Hello Computer Taxonomists! I have a bunch of comments on previous posts here:
First Mauro J. Cavalcanti wrote:
As an attempt to start a discussion, I am posting this to ask: do we all really agree that there should be a new standard for descriptive data based on XML, as a substitute for DELTA (as well as NEXUS and XDF)?
I was going to reply, but then Leigh Dodds wrote...
Perhaps we should start by building a list of requirements and then measuring DELTA, NEXUS, etc against them to see whether they meet them.
...which seemed sensible enough to me too.
So, what do people see as the basic requirements for this kind of format?
- ease of use (i.e. authoring)
- ease of processing (parsing, validating, reading, converting)
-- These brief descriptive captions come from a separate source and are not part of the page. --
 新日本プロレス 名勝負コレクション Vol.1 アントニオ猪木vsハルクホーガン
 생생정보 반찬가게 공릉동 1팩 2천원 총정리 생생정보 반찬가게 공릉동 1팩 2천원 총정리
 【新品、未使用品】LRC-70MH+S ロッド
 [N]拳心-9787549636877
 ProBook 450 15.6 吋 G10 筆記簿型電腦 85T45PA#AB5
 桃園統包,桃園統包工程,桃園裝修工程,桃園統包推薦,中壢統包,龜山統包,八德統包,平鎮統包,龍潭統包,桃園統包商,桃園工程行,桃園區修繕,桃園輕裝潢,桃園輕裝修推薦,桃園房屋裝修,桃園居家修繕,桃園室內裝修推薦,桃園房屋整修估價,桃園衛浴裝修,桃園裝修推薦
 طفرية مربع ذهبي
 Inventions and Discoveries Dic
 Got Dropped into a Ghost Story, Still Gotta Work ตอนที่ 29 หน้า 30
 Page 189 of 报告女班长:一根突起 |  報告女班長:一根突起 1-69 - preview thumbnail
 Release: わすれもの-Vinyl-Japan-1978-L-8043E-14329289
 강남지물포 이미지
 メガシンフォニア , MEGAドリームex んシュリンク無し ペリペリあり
- ease of sharing (i.e. distribution)
- open-ness (i.e. proprietary/non-proprietary)
- ease of extensibility (i.e. ability to add more information cleanly at a
later data)
- internationalization
- un-abiguity of data representation
- unlimited size of data sets? (i.e. any limitation on character names,
lengths, item names, numbers, etc)
My guess is all of the above? And XML would provide them too, no?
What types of data need to be modelled by the format? (this can be a post-requirements gathering step, but some consideration needs to be given early on to measure the 'success' of the current formats)
As far as Delta goes, I think that the data are fairly close to what taxonomists have been encoding into traditional taxonomic descriptions. 'Success' is pretty good.
Nexus can include charater/state data but also other things such as ways to describe phylogenetic trees in the so-called "New Hampshire" format:
((raccoon:19.19959,bear:6.80041):0.84600,((sea_lion:11.99700, seal:12.00300):7.52973,((monkey:100.85930,cat:47.14069):20.59201, weasel:18.87953):2.09460):3.87382,dog:25.46154);
Nexus is actually an extensible format so almost anything could be included.
Unfortunately there is still doesn't seem to be an online description of Nexus, though the standard was printed in the journal Taxon a couple of years ago.
I sense that application developers who use Nexus are pretty happy with the format since is was a collaborative effort to begin with, and that the Nexus community would not see a great benefit in adopting a new data format. Anybody else have this impression?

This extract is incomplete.